[WHAT NEEDS TO BE DONE] Write out the listing below in full and exactly, leaving out every picture.

[[ DATA BLOCK open ]]

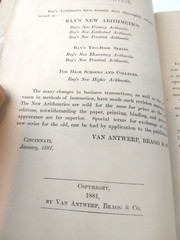 1881 Ray’s Mathematical Series Keys to Ray’s New Higher Arithmetic Hardcover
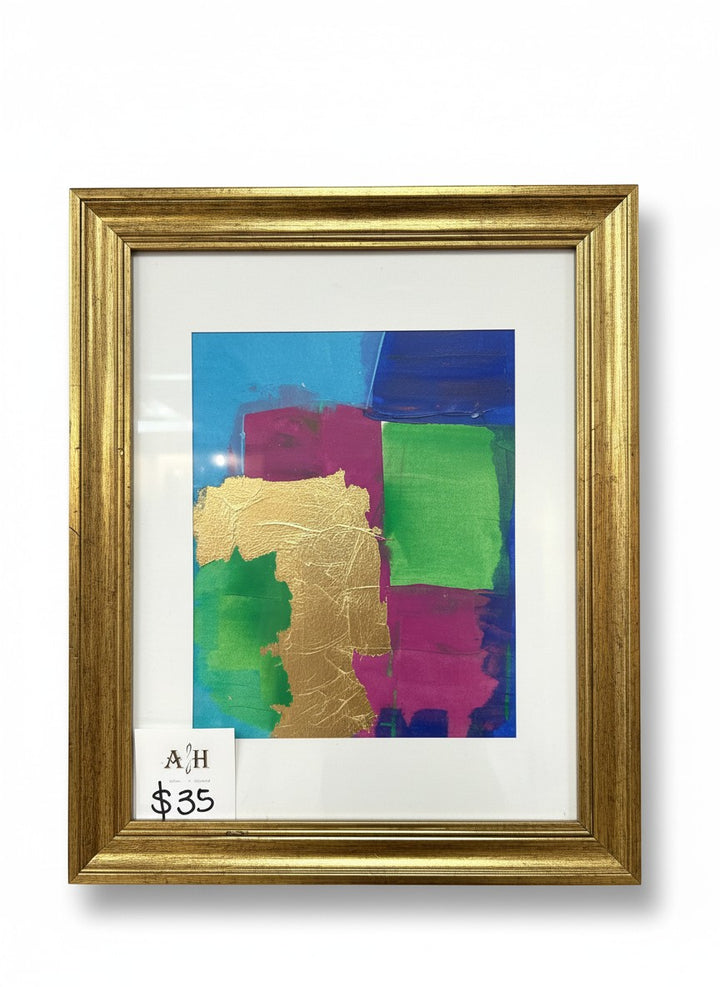 Chic Collective Color Theory in Gold abstract art with gold leaf, featuring blocks of emerald, orchid, cobalt, and turquoise.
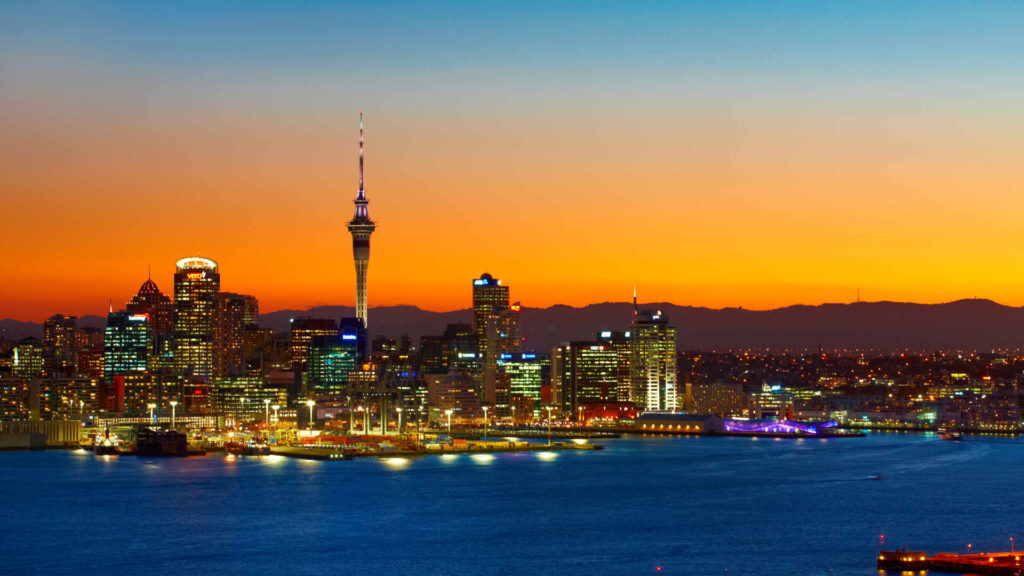 Sunset view of Auckland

[[ DATA BLOCK closed ]]

[EXERCISE SOLUTION]
 1881 Ray’s Mathematical Series Keys to Ray’s New Higher Arithmetic Hardcover
 Chic Collective Color Theory in Gold abstract art with gold leaf, featuring blocks of emerald, orchid, cobalt, and turquoise.
 Sunset view of Auckland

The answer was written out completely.